1 Introduction

RoboCup@Home competitionFootnote 1 aims at developing and benchmarking home service robots that can help people in everyday tasks. The competition is organized around a set of tasks in which several functionalities must be properly integrated [6, 9]. Among these functionalities, object recognition is present in many tasks and it is thus very important for the competition as well as for actual deployment of home robots. Active object recognition was also benchmarked as a Technical Challenge in RoboCup@Home 2012. Homer@UniKoblenz achieved the highest score in this challenge by using SURF features and Hough transform clusteringFootnote 2 applied to high resolution photos acquired by a digital camera. In this challenge, the robot had to move to the table where objects were located and thus active motion actions needed to be carefully designed to reach good view points for image acquisition.

In the last years, we have witnessed a significant effort in improving object recognition performance, specially boosted by the development of Convolutional Neural Networks (CNNs) and large-scale image databases (e.g., ImageNet [3]). Consequently, RoboCup@Home teams have shifted to machine learning techniques that promise very good results. However, such results are strongly influenced by the quality of training data and by computational resources available. Thus, many teams have to bring to the competition computational resources suitable to train CNNs and have to spend a lot of effort in acquiring images and train the networks during the setup days. While acquiring images about the specific objects chosen for the competition and training CNNs during the setup days is a suitable way of implementing the object recognition functionality of @Home robots, we believe that there are other processes that can help in implementing an effective object recognition functionality exploiting pre-trained CNNs and without requiring availability of competition objects, image acquisition and training during the setup days.

In this paper we present a benchmark for RoboCup@Home object recognition based on a large-scale training set acquired from the web and pre-trained models. More specifically, we provide: (1) a novel large-scale data set for RoboCup@Home (named RoboCup@Home-Objects) with over 196K images acquired from the web and automatically labelled with 8 main categories and 180 classes typically used in RoboCup@Home; (2) pre-trained CNNs on this data set that can be used by RoboCup@Home teams; (3) a test sets containing thousands of images acquired from the web with objects similar to the ones actually used in recent RoboCup@Home competitions; (4) a test set containing thousands of images taken from Pepper robot in a scenario similar to the ones encountered in the competitions; (5) a method based on active robot behaviors to improve quality of image acquisition and take advantages of pre-trained CNNs to improve actual performance of object recognition without any training on the specific competition objects; (6) a performance analysis that allows RoboCup@Home Technical Committee to better define competitions tasks involving object recognition.
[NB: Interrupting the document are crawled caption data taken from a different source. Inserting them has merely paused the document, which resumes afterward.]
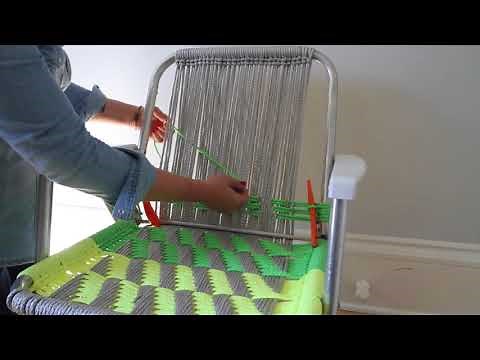 Woven Macrame Chair Tutorial - Part 2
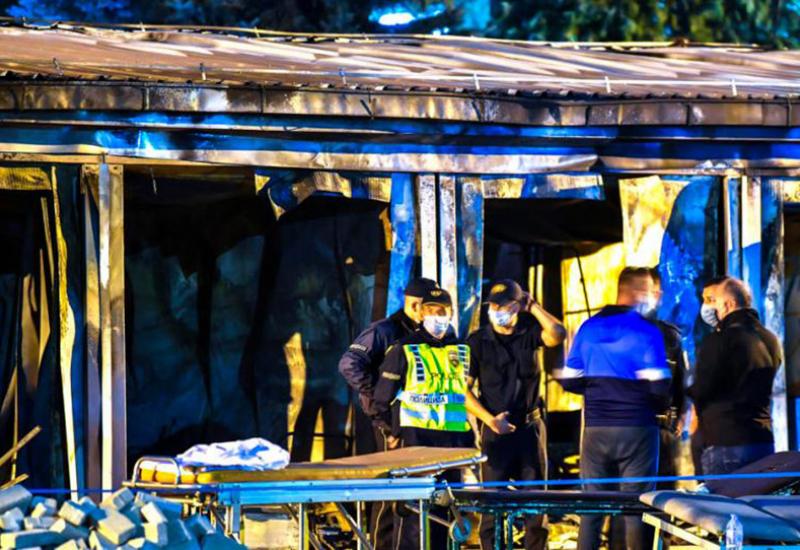 Tetovo: Dvanaest osoba bori se za život nakon požara u covid bolnici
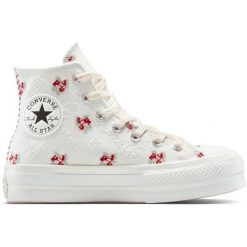 Buty sportowe Converse Chuck Taylor As Lift. Białe buty treningowe Converse, bez wzorów, bez zapięcia. Za 490.00 zł.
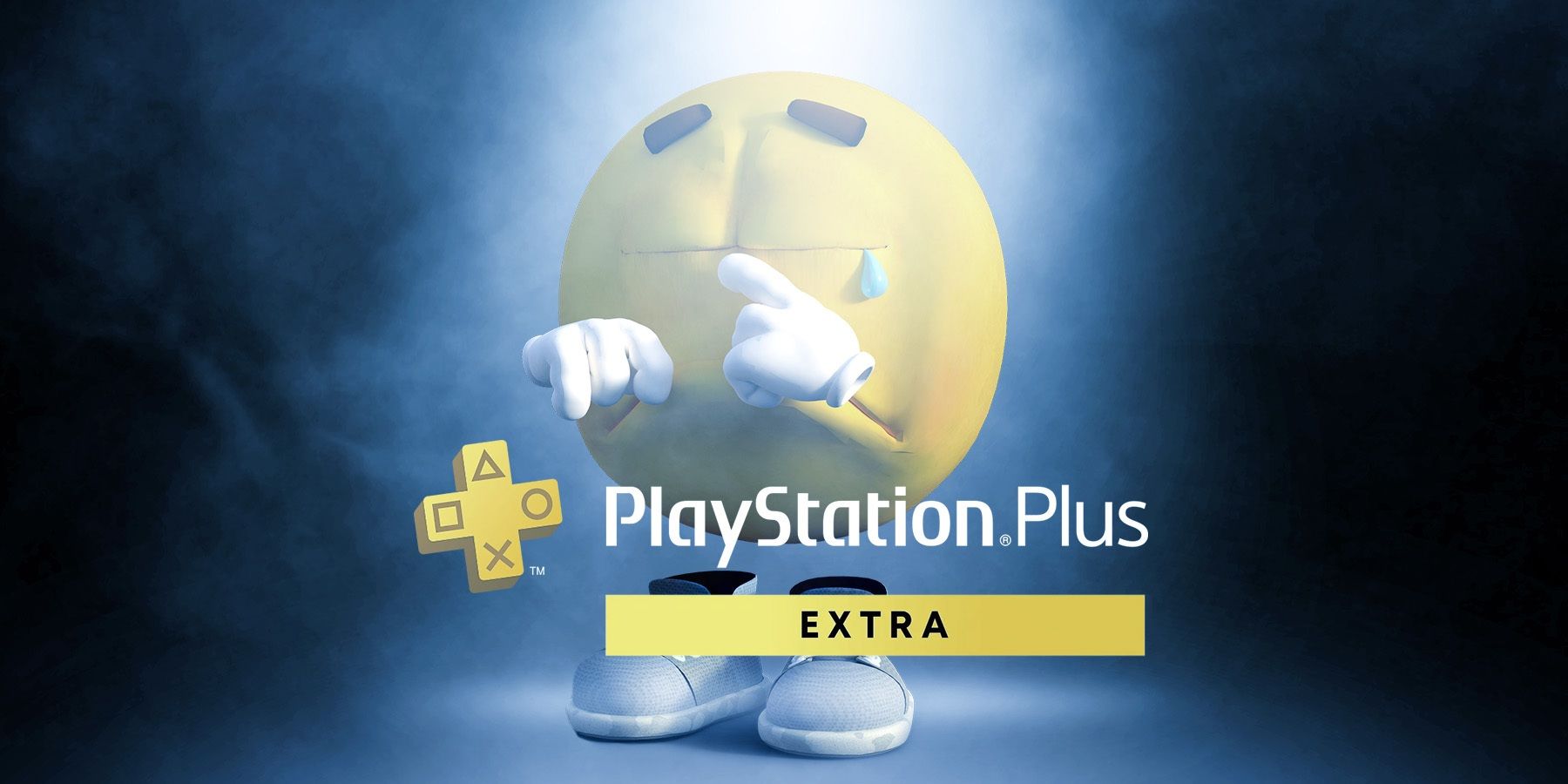 ps plus extra crying face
Although created for the RoboCup@Home community, we believe the benchmark, the models and the results will be interesting for all researchers aiming at integrating object recognition in home robots.
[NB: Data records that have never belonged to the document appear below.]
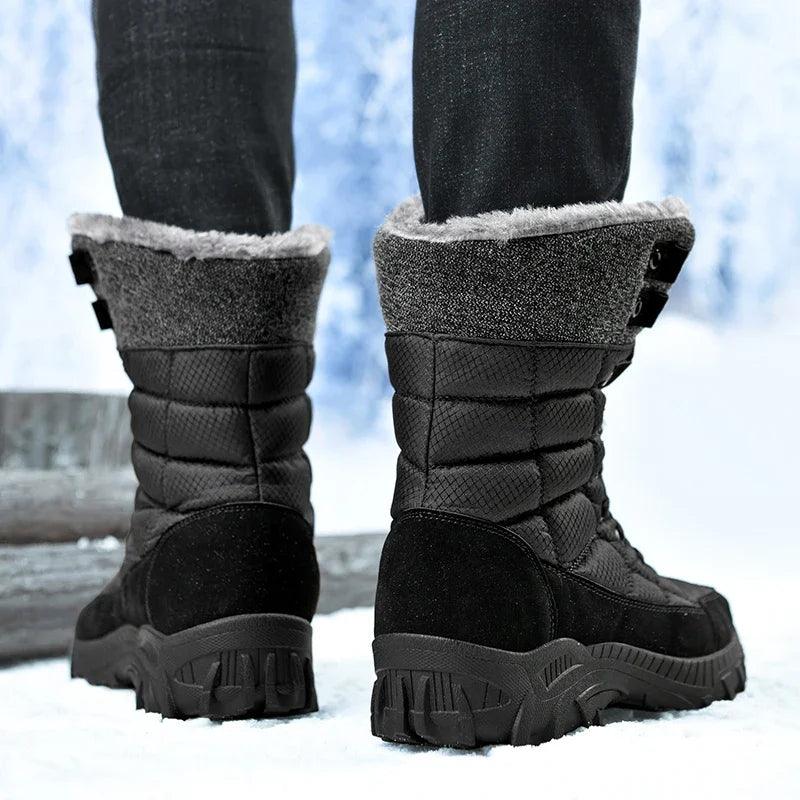 Men's Winter Ankle Snow Boots – Anti-Slip, Cold-Resistant Hiking Work Shoes - JVMCL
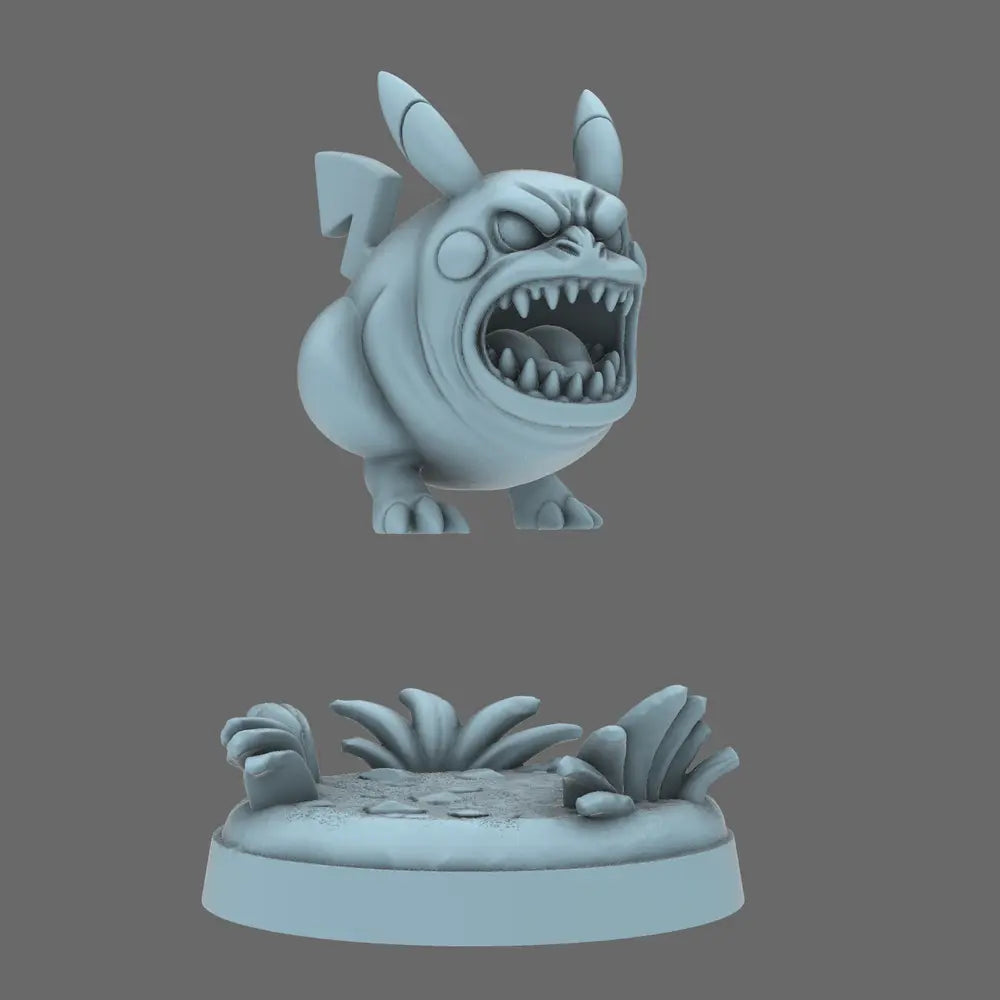 Space Orcs - Zappy Thundermaw Attack Beast BW Terrain & Forge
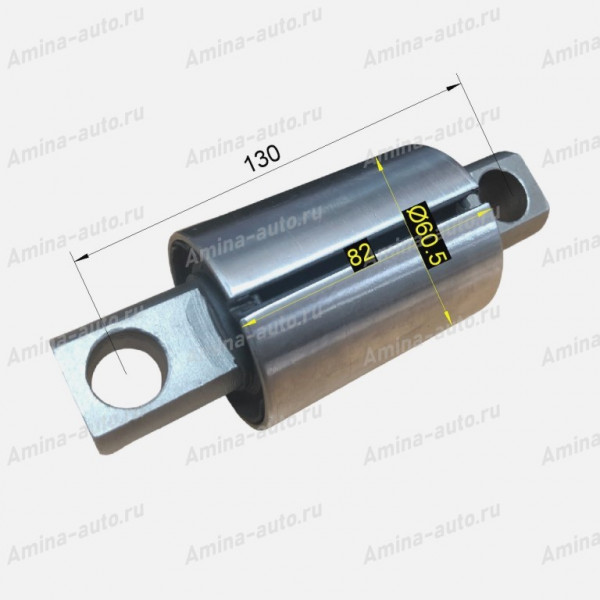 Сайлентблок полурессоры с пальцем D60,5*82 Lм/у отв.130 металл *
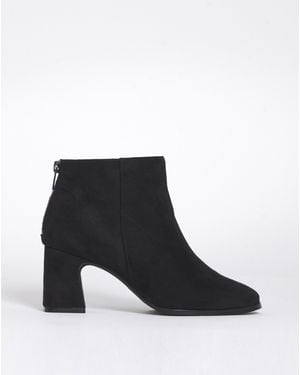 Simply Be Outside Zip Ankle Boot Wide - Black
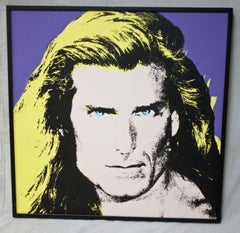 Raro dipinto ad olio unico, serigrafia di Fabio Icone della Pop Art anni '80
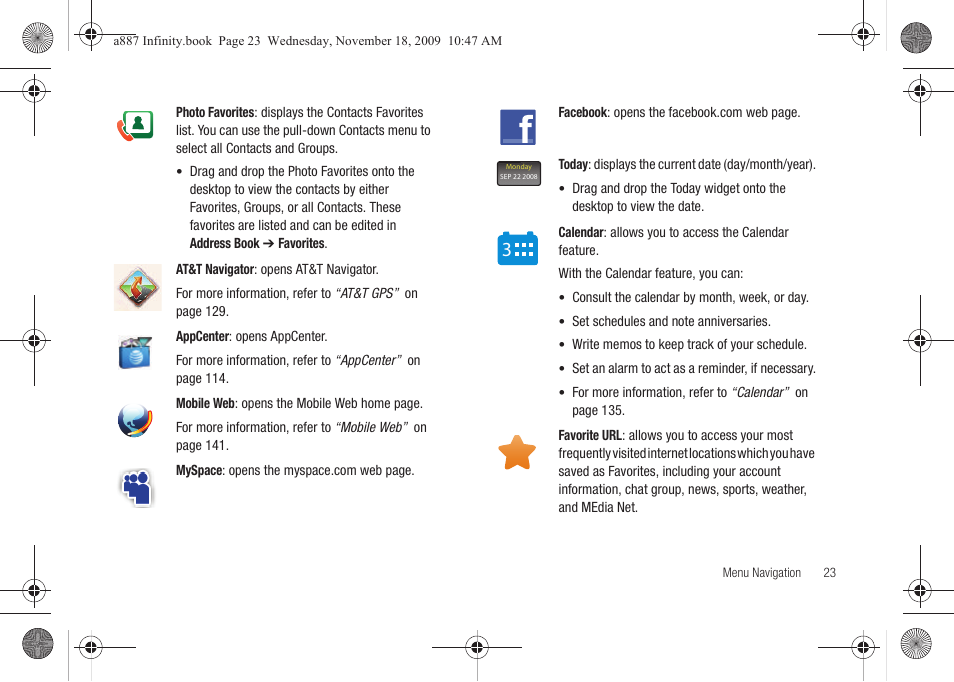 Samsung SGH-A887ZKAATT User Manual | Page 27 / 190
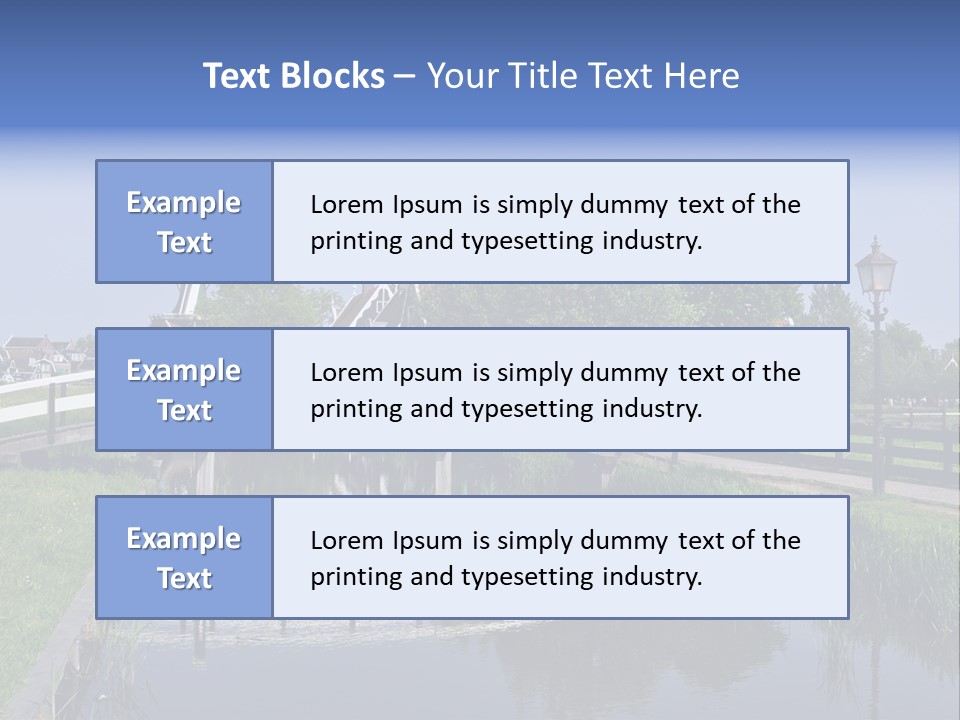 Holland Countryside Wind PowerPoint Template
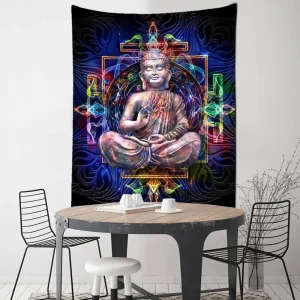 Tenture Bouddha coloré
Data, models and results will be fully available in the web site https://sites.google.com/diag.uniroma1.it/robocupathome-objectsFootnote 3.

2 Related Work

Ever since the exceptional results of Alexnet [7] in the ImageNet Large Scale Visual Recognition Challenge of 2012 (ILSVRC12) [3] the use of Deep Learning and CNNs for robot vision applications increased substantially. Deep Networks need large-scale annotated databases to be successfully trained or they will suffer from over-fitting. This made ImageNet the most used database for Deep network architectures. Another approach to avoid over-fitting and learn a new task is fine-tuning [1]. Fine-tuning is the method of re-training parts of a pre-trained network to fit a new task or new annotated data. Anyway fine-tuning still requires large-scale annotated data sets. As manually annotating large-scale data sets requires too much human effort, automatic acquisition can produce suitable large-scale data sets with significantly lower effort. In particular, we can use the Web to collect many images related to a new task in an autonomous matter. In recent years successful attempts have been made to generate large scale databases from the web [2, 4]. Work on automatic data collection for robot vision applications with deep networks was proposed for example in [8]. In the benchmark proposed in this paper, we have automatically downloaded images from the Web to build data sets for training and testing CNN-based object recognition for the RoboCup@Home competition.

Fig. 1.
figure 1

The t-SNE visualization of the data-sets distributions’ extracted features of the fully connected layer (FC7) with our Alexnet@Home180.

3 Dataset Creation

In this section we will describe the process of creating 3 datasets: (1) a main dataset of 196K images acquired from the web that is used for training, (2) a benchmark dataset of about 5K images downloaded from the web as images similar to the ones published on RoboCup@Home github; (3) a benchmark dataset acquired from Pepper robot. It is important to notice that these datasets are acquired from different sources and thus come from different distributions, as shown in Fig. 1. Data acquired from different sources allows for a more realistic assessment of the performance that one can expect when using this technology. We thus believe that the experimental performance reported in this paper will provide a reliable estimation of expected performance of the tested networks in actual RoboCup@Home competition.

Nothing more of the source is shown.